TASK ITEM :: Would you print out all of the data exactly and keep the pictures out of it?
________________
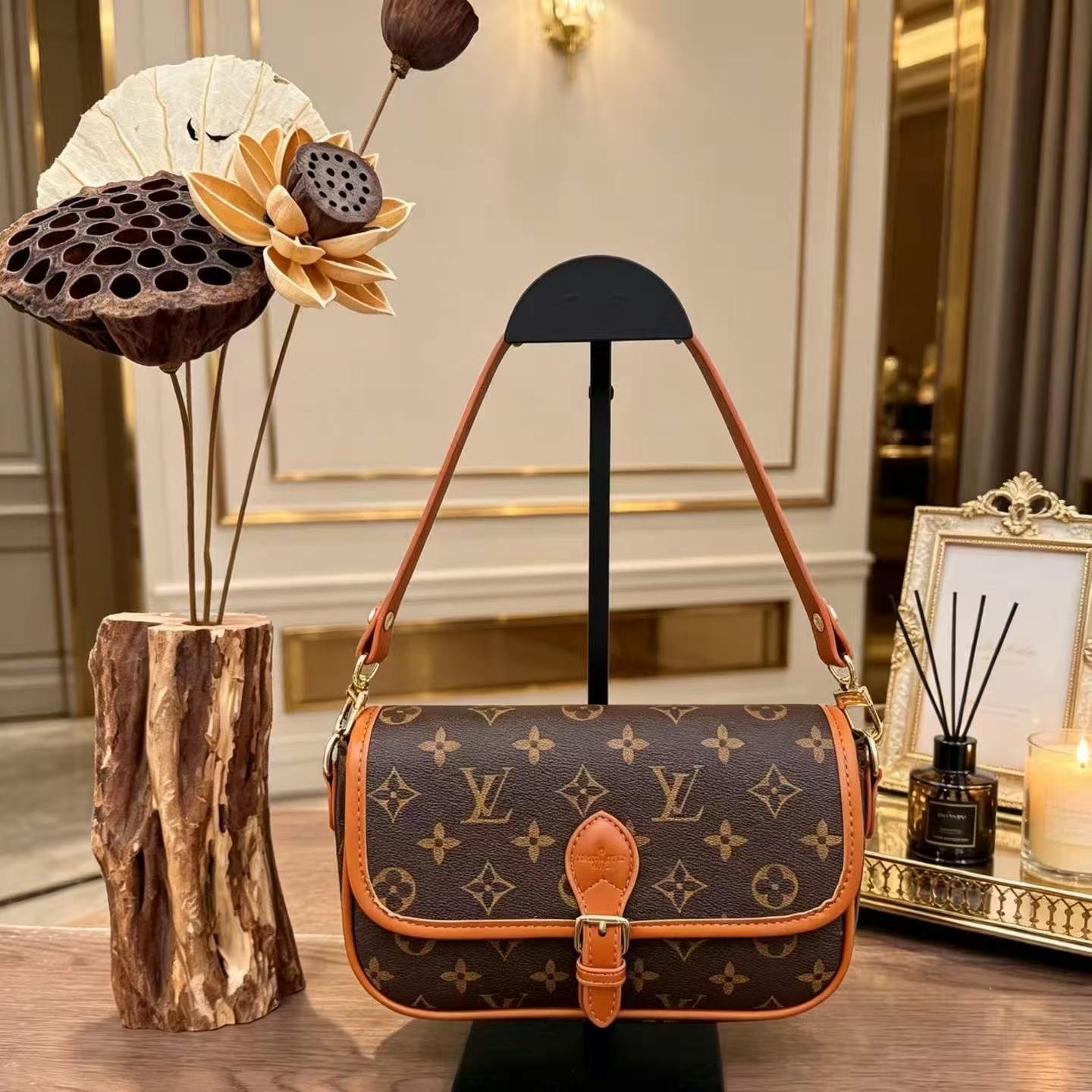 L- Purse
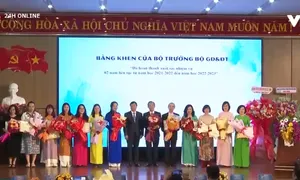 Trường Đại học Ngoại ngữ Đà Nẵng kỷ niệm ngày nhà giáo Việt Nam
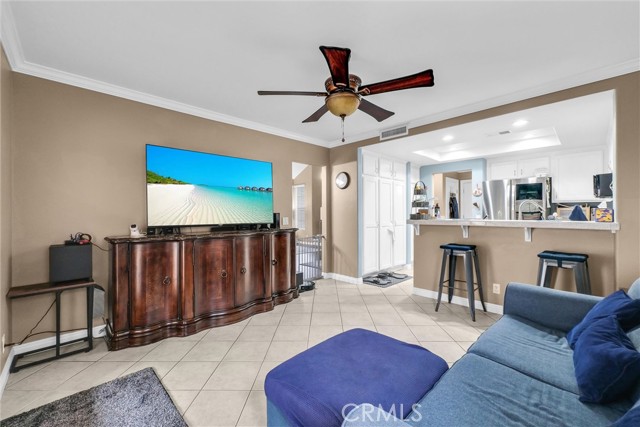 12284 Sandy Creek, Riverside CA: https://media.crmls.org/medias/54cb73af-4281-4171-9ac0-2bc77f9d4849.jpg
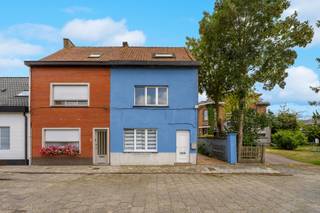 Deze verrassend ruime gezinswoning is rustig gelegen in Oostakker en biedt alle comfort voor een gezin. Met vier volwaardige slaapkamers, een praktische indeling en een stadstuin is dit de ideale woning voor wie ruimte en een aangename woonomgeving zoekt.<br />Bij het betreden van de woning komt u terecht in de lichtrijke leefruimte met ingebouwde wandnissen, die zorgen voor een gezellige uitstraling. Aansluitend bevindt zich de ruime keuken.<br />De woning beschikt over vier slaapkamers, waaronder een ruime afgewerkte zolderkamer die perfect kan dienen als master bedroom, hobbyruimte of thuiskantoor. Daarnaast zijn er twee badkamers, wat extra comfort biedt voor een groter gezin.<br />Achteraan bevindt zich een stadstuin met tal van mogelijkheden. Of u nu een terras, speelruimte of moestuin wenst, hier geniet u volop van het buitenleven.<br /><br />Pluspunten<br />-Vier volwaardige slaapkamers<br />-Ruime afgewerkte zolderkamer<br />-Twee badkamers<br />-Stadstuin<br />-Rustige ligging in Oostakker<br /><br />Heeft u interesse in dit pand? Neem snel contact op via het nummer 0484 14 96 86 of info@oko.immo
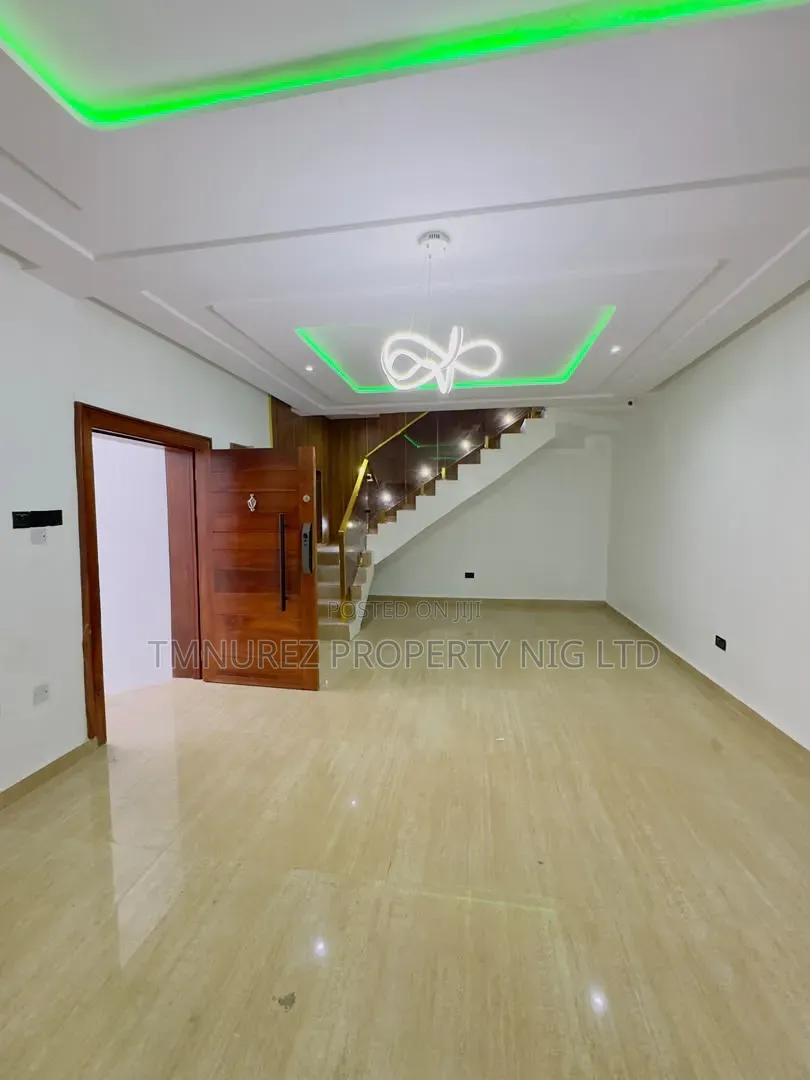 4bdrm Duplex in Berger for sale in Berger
________________
TASK SOLUTION ::
 L- Purse
 Trường Đại học Ngoại ngữ Đà Nẵng kỷ niệm ngày nhà giáo Việt Nam
 12284 Sandy Creek, Riverside CA: https://media.crmls.org/medias/54cb73af-4281-4171-9ac0-2bc77f9d4849.jpg
 Deze verrassend ruime gezinswoning is rustig gelegen in Oostakker en biedt alle comfort voor een gezin. Met vier volwaardige slaapkamers, een praktische indeling en een stadstuin is dit de ideale woning voor wie ruimte en een aangename woonomgeving zoekt.<br />Bij het betreden van de woning komt u terecht in de lichtrijke leefruimte met ingebouwde wandnissen, die zorgen voor een gezellige uitstraling. Aansluitend bevindt zich de ruime keuken.<br />De woning beschikt over vier slaapkamers, waaronder een ruime afgewerkte zolderkamer die perfect kan dienen als master bedroom, hobbyruimte of thuiskantoor. Daarnaast zijn er twee badkamers, wat extra comfort biedt voor een groter gezin.<br />Achteraan bevindt zich een stadstuin met tal van mogelijkheden. Of u nu een terras, speelruimte of moestuin wenst, hier geniet u volop van het buitenleven.<br /><br />Pluspunten<br />-Vier volwaardige slaapkamers<br />-Ruime afgewerkte zolderkamer<br />-Twee badkamers<br />-Stadstuin<br />-Rustige ligging in Oostakker<br /><br />Heeft u interesse in dit pand? Neem snel contact op via het nummer 0484 14 96 86 of info@oko.immo
 4bdrm Duplex in Berger for sale in Berger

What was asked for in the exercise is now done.